Sound Designer and VI-grade NVHSim

The Sound Designer software suite has been streamlined to work with the VI-grade NVH simulator on the same computer, without any external hardware boxes, cables, nor extra configurations to worry about. 

The systems will run side by side on the same host, seamlessly connected using internal software interfaces instead of cumbersome external hardware devices. 

 

Advantages 

– Instant reliable recall for development and internal demos which comes in especially handy when the elaborate simulator resources are shared between projects and across departments

– Multiple vehicle and sound setups can easily be compared one after the other, for example whether new sound tunings will work on all of the many vehicle variants without major modifications

– The initial installation of simulator and active sound system is less complex as the number of systems and peripherals to acquire, set up, configure, maintain, and update is considerably smaller

– Custom setups can be cloned from one computer to another by creating a software image of the installation

Connecting the Dots

In Sound Designer’s config tab simply

– select the VI-grade NVHSim as a network CAN source from the input devices menu

– choose the supplied VI-grade audio driver to forward the audio generated by SD to

Sound Designer will 

– respond directly to the original vehicle data generated by NVHSim

– route its up to 24 audio output channels back to NVHSim to be mixed with e.g. the road and wind noise signals generated there

Connecting the two systems is as easy as these two steps. 

Getting Real

To truly comprehend NVH data, it needs to be experienced as sound and vibration.
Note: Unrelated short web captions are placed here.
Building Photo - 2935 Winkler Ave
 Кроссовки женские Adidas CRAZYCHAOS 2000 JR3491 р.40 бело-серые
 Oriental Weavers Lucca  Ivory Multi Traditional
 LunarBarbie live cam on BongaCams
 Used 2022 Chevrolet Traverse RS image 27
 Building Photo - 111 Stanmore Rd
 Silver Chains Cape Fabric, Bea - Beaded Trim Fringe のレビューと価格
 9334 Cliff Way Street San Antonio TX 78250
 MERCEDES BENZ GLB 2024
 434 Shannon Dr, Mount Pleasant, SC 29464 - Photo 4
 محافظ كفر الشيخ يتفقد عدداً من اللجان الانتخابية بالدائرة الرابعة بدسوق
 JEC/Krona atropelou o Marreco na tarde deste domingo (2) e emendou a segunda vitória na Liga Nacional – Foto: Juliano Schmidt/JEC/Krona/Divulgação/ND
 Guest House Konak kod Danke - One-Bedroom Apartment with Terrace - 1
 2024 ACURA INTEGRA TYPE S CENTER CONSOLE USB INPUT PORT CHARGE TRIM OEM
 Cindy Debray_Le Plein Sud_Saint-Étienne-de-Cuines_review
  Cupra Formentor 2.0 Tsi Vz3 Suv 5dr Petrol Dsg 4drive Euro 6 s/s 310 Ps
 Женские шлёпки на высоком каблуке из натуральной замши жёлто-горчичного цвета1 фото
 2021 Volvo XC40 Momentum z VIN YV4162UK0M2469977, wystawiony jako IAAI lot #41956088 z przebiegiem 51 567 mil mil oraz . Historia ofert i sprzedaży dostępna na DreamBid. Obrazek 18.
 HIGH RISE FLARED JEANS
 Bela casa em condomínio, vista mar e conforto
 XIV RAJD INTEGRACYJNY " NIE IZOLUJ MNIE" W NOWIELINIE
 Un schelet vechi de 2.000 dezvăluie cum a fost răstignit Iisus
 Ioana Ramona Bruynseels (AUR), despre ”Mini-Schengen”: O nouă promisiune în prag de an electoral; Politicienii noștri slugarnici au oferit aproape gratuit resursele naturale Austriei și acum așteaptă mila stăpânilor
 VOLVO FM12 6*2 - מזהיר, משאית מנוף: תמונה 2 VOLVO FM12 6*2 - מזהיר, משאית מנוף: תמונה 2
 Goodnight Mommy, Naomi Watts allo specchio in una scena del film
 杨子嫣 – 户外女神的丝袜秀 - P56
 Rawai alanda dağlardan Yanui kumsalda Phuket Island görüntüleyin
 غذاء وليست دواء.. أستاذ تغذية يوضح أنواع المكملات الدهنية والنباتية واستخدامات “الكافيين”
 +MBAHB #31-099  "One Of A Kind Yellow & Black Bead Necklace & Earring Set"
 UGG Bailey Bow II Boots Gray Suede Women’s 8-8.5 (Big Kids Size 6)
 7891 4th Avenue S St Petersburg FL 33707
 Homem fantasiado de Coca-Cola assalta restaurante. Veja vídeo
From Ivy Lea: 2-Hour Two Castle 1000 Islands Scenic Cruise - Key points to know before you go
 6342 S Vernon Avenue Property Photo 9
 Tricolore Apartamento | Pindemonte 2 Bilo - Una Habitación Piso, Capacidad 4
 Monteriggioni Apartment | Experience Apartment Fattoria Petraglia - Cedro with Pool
Data from many sources has to be brought together, in different formats, for multiple components, then assembled to form a single digital virtual prototype that can be listened to, felt and driven interactively. 

This is the mission that VI-grade NVHSim and Sound Designer set out to accomplish when combining forces: Not worry about the technical details, but fully focus on bringing Active Sound to its full potential. 

Add the punch of real sound to electric vehicles, augment the sound of efficient, but not so characteristic combustion engines, and bridge both worlds in hybrid vehicles.